Task goal:
Please return, with no alterations, the lines below from the very first through the one that contains "Luxury Cabin In".

________

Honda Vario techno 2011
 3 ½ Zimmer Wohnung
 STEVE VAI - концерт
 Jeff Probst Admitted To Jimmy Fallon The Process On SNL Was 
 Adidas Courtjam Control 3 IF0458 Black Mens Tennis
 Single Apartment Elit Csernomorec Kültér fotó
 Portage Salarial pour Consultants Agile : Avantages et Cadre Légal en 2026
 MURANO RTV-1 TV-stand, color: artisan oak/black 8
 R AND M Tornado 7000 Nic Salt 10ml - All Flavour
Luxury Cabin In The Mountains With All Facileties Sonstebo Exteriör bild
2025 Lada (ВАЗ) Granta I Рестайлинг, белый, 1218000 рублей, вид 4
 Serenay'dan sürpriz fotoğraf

________

Task output:
Honda Vario techno 2011
 3 ½ Zimmer Wohnung
 STEVE VAI - концерт
 Jeff Probst Admitted To Jimmy Fallon The Process On SNL Was 
 Adidas Courtjam Control 3 IF0458 Black Mens Tennis
 Single Apartment Elit Csernomorec Kültér fotó
 Portage Salarial pour Consultants Agile : Avantages et Cadre Légal en 2026
 MURANO RTV-1 TV-stand, color: artisan oak/black 8
 R AND M Tornado 7000 Nic Salt 10ml - All Flavour
Luxury Cabin In The Mountains With All Facileties Sonstebo Exteriör bild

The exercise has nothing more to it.